Sadly, it is not merely a case of inaction. What has made me, along with many, many gay people very, very angry, is a brief filed by the Department of Justice in federal court defending DOMA. Which bring us to:
2) The Obama administration didn't have to submit the brief. Now, this opinion is based largely on points made by John Aravosis at
AmericaBlog, and by an
opinion offered there by John Socarides, who used to work in the Clinton administration. To quote briefly:
I was equally troubled by the administration’s explanation that they had no choice but to defend the law. As an attorney and as someone who was directly involved in giving advice on such matters to another president (as a Special Assistant for civil rights to President Bill Clinton), I know that this is untrue.

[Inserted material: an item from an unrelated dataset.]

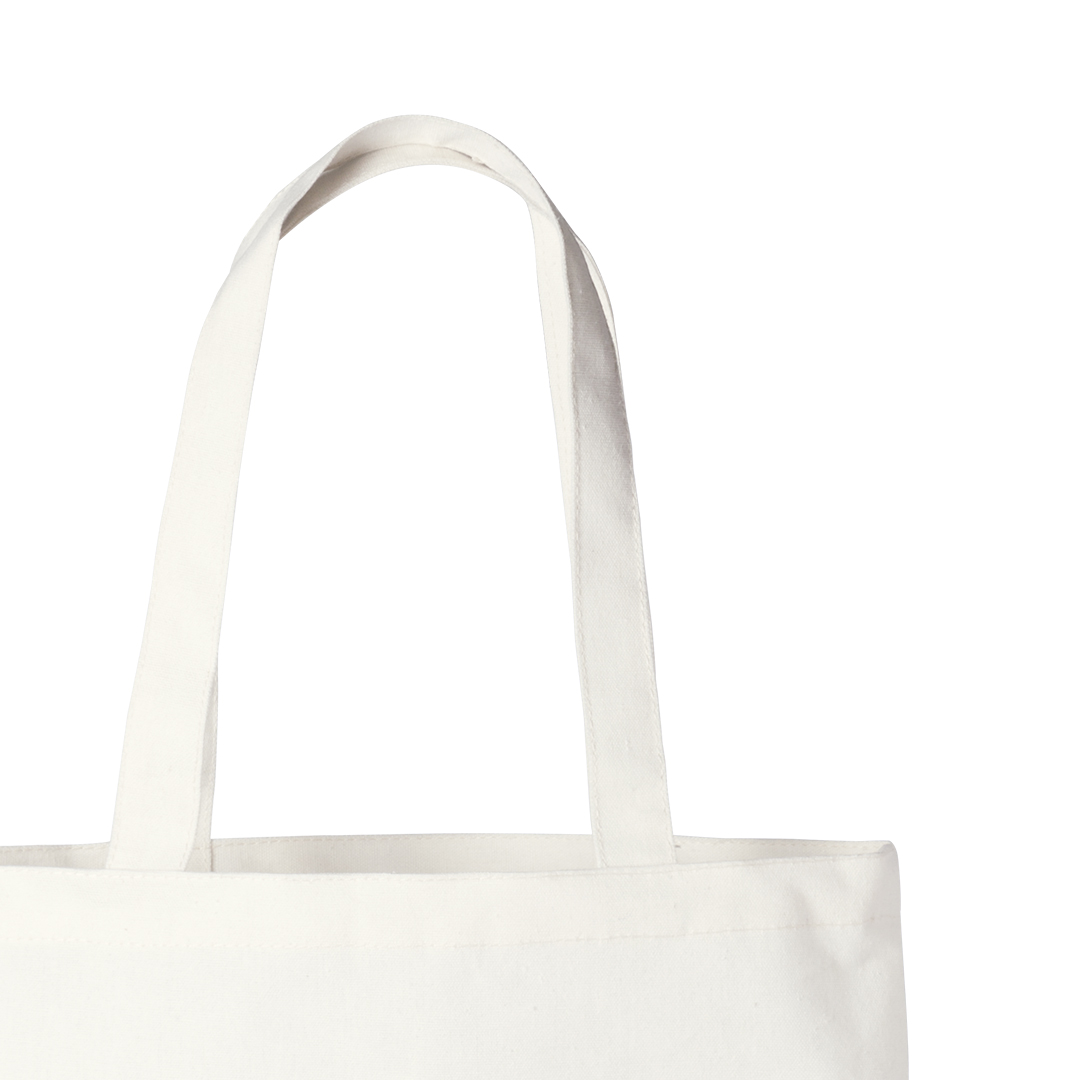 Sac Tarlam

However, the brilliant Laurence Tribe has defended the administration's filing in an
interview he did with
The Advocate:
Under the traditions of the solicitor general’s office, the government does have an obligation to provide a defense in any lawsuit where there is a plausible argument to be made, even if the president does not agree with the law. There certainly are cases where the government declines to defend the law, but those are few and far between. If congress were to pass a law that flew directly in the face of a binding Supreme Court precedent -- a law outlawing early-term abortion or a law providing for "separate but equal" schools -- the obligation of the Justice Department to the Constitution would trump its obligation to defend the laws of congress.
But DOMA is in a gray area where there are experts like me, who think it’s unconstitutional, and you can find experts who hold the opposite view, and it’s certainly not a slam-dunk.
I may be many things, but dumb enough to think I know the law better than Laurence Tribe is not one of them. Based on what he said, I will give the Obama administration the benefit of the doubt and assume that the filing itself was appropriate. That does not, however, temper my anger at:
3) The content of the
brief (pdf) is appalling.
Now, assuming that the DOJ really had to defend DOMA in the Smelt case, it could have done so simply by arguing that the plaintiffs lacked standing. While the brief does make that point, it doesn't stop there, and proceeds to defend DOMA
on its merits. It argues, in essence, that DOMA is not discriminatory in its intent or effect. For example, there is this:
Moreover, because DOMA protected "the ability of elected officials to decide matters related to homosexuality," including their right to recognize same-sex marriage, it plainly was not born solely as a result of animosity towards homosexuals.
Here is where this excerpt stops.